Materi Pendidikan di Barak Dinilai Lebih Komprehensif
Menurut Satria, para siswa tidak hanya diajarkan kedisiplinan, tetapi juga materi bela negara, pendidikan keagamaan, pengetahuan anti-narkoba, hingga keterampilan pertolongan pertama. Hal ini dianggap sebagai pengayaan yang sering kali tidak diberikan di lingkungan sekolah formal atau rumah.
Ia menyarankan pihak yang mengkritisi program ini untuk mengunjungi langsung lokasi barak agar bisa memberikan penilaian objektif dan konstruktif.
Bukan Hukuman, Tapi Pengakuan dan Harapan
Pengamat pendidikan lainnya, Ina Liem, turut mendukung pendekatan ini. Menurutnya, banyak anak yang dianggap “nakal” sebenarnya hanya kehilangan ruang untuk merasa sukses, baik di lingkungan sekolah maupun rumah.

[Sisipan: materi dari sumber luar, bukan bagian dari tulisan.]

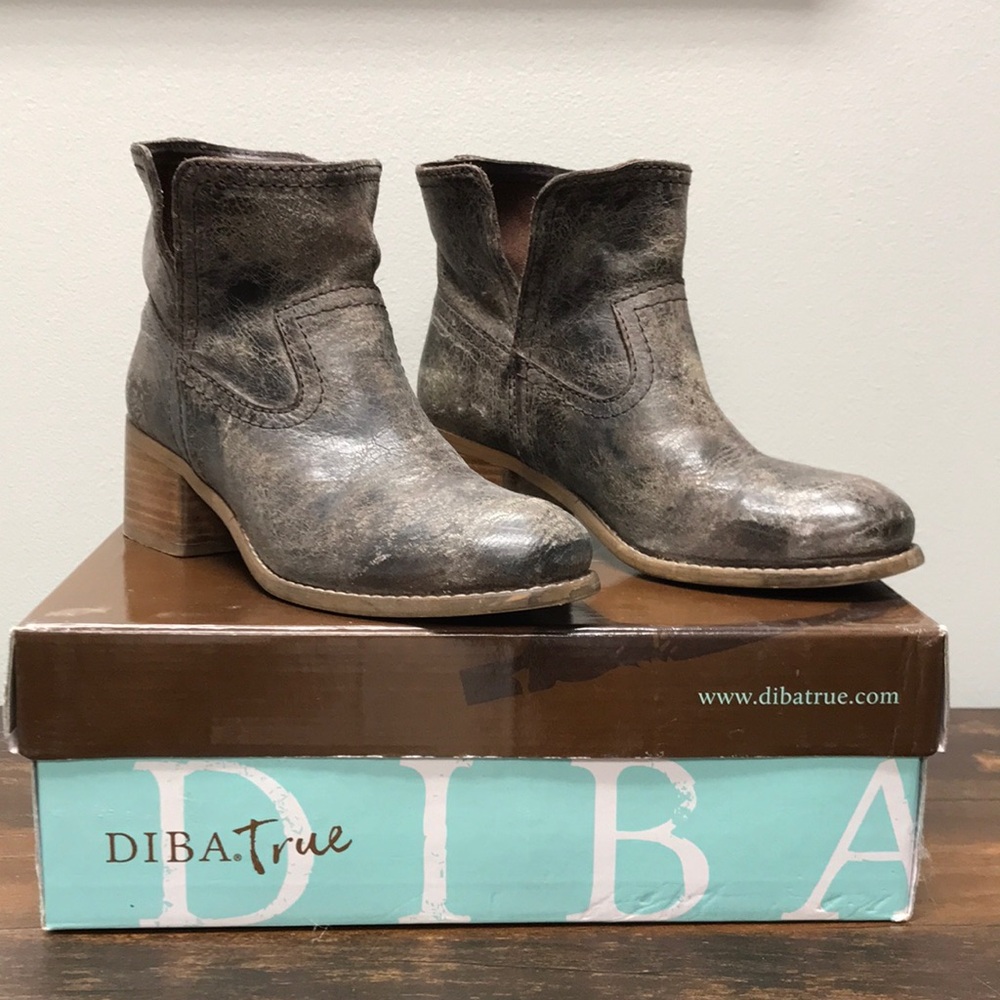 Diba Walnut Grove Charcoal Ankle Boot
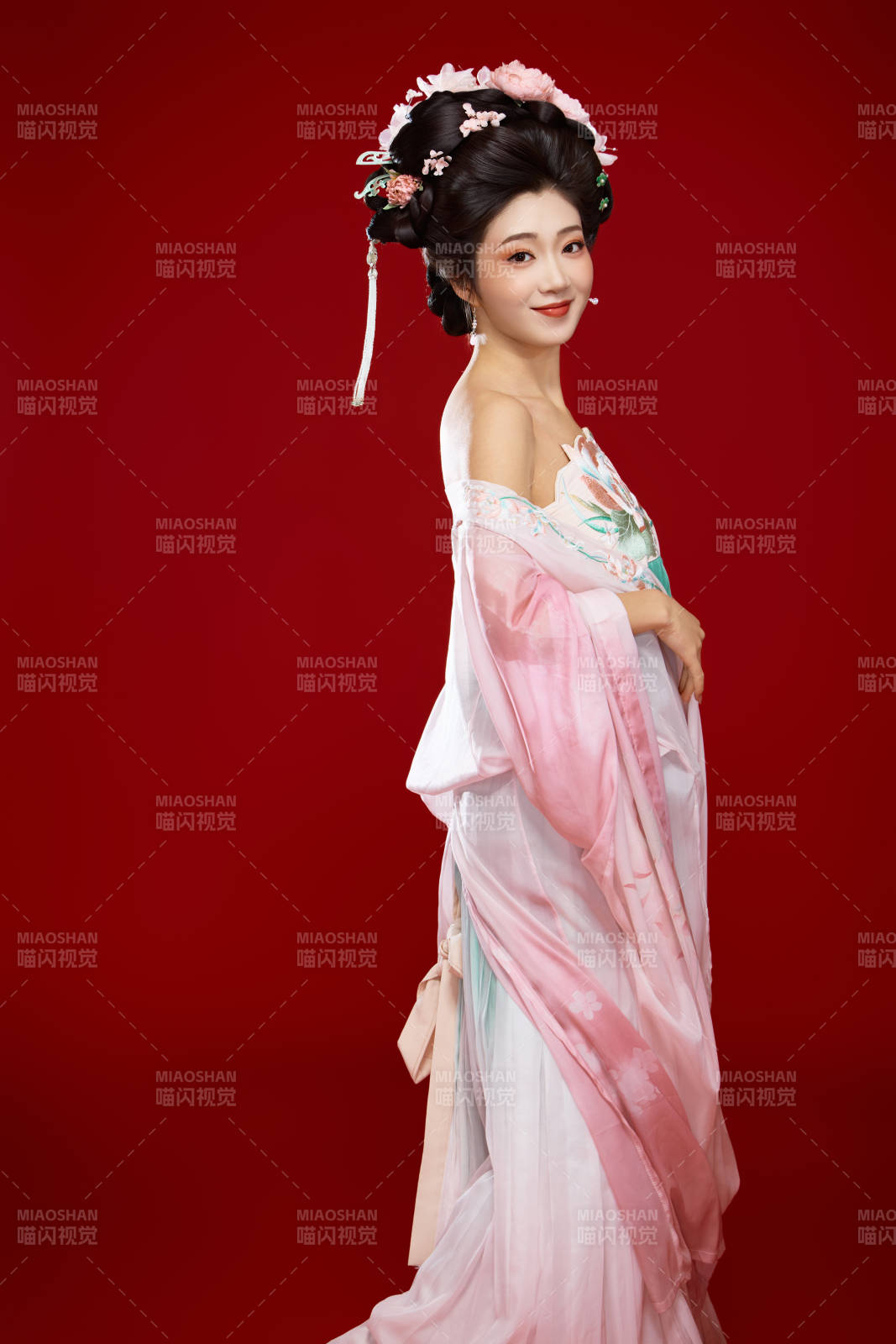红色背景下穿着中国古代唐朝服饰的美女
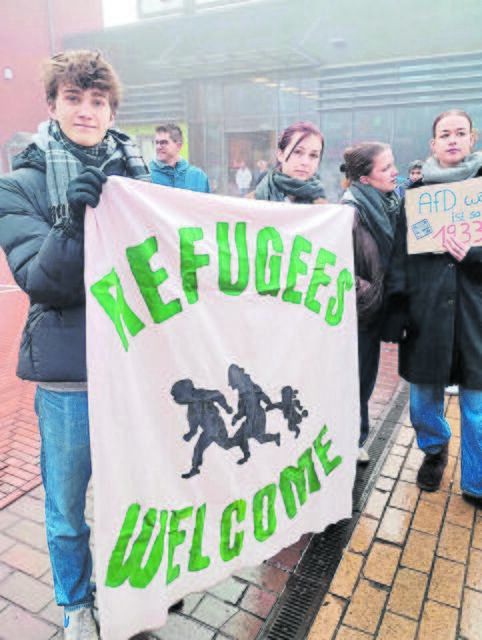 Jugendliche zeigten Flagge bei der Demonstration in Buchholz  Fotos: Cornelia Cornels-Selke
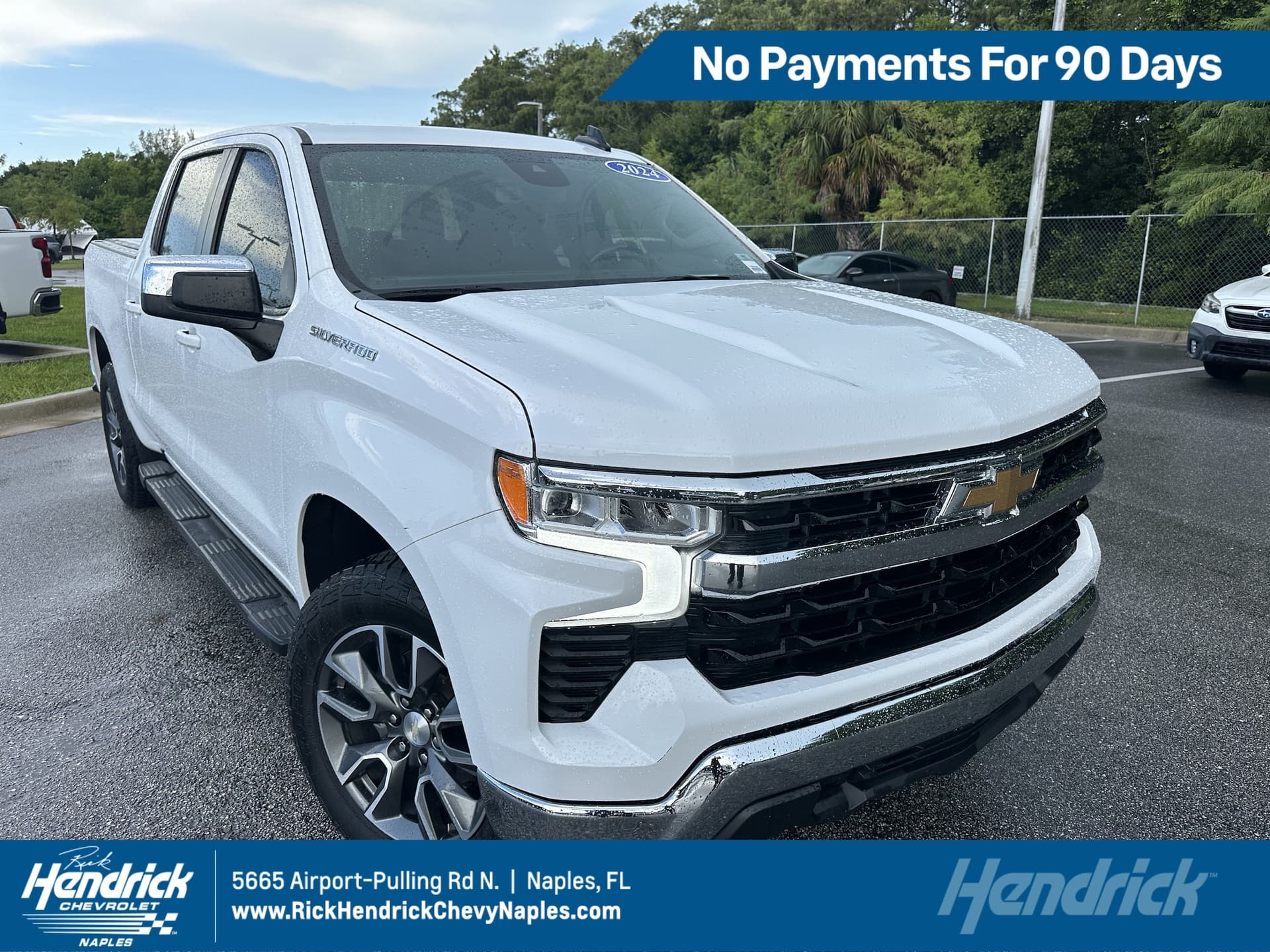 2024 Chevrolet Silverado 1500 LT — photo 1 of 38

“Ini bukan tentang menghukum, tapi memberikan mereka rasa pencapaian dan arah hidup,” ujarnya.
Ia menambahkan bahwa sistem pendidikan formal sering kali gagal membangun kompetensi non-akademik. Sementara itu, pendekatan seperti barak militer dapat membuka ruang bagi siswa-siswa ini untuk menemukan kembali jati dirinya.